Task brief. Restate word for word the lines in the listing below, starting at the line containing "القبض على ثلاثة" and ending at the line containing "Lulus Other - NWT", both included; leave out the rest.

··········

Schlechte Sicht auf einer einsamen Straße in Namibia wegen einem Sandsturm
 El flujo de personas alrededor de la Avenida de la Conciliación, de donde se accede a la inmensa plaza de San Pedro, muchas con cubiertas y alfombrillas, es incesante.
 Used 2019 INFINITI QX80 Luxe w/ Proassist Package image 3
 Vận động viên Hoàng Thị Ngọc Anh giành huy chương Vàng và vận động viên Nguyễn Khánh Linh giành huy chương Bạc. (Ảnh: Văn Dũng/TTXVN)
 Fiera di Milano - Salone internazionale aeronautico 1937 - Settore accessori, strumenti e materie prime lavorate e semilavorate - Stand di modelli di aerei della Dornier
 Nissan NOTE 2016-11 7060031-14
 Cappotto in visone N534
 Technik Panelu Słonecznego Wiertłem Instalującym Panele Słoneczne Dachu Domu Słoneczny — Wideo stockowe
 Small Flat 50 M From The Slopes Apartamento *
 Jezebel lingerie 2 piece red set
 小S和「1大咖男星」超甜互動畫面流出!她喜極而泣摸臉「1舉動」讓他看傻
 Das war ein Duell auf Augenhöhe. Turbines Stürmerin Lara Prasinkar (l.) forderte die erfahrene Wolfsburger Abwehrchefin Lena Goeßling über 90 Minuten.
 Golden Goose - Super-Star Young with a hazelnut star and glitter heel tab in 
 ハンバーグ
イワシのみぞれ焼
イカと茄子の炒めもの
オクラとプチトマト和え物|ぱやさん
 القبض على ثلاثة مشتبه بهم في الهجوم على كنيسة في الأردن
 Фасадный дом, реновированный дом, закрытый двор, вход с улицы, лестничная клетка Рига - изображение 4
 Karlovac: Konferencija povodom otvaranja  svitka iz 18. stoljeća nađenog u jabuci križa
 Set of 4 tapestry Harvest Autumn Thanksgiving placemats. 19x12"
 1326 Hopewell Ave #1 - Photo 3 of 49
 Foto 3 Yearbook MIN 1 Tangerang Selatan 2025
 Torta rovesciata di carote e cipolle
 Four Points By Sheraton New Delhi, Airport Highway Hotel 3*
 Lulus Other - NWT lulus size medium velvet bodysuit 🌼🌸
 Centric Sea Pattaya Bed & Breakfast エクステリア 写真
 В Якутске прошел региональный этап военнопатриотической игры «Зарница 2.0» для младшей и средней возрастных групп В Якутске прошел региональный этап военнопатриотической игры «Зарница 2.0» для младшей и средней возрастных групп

··········

Exercise output.
 القبض على ثلاثة مشتبه بهم في الهجوم على كنيسة في الأردن
 Фасадный дом, реновированный дом, закрытый двор, вход с улицы, лестничная клетка Рига - изображение 4
 Karlovac: Konferencija povodom otvaranja  svitka iz 18. stoljeća nađenog u jabuci križa
 Set of 4 tapestry Harvest Autumn Thanksgiving placemats. 19x12"
 1326 Hopewell Ave #1 - Photo 3 of 49
 Foto 3 Yearbook MIN 1 Tangerang Selatan 2025
 Torta rovesciata di carote e cipolle
 Four Points By Sheraton New Delhi, Airport Highway Hotel 3*
 Lulus Other - NWT lulus size medium velvet bodysuit 🌼🌸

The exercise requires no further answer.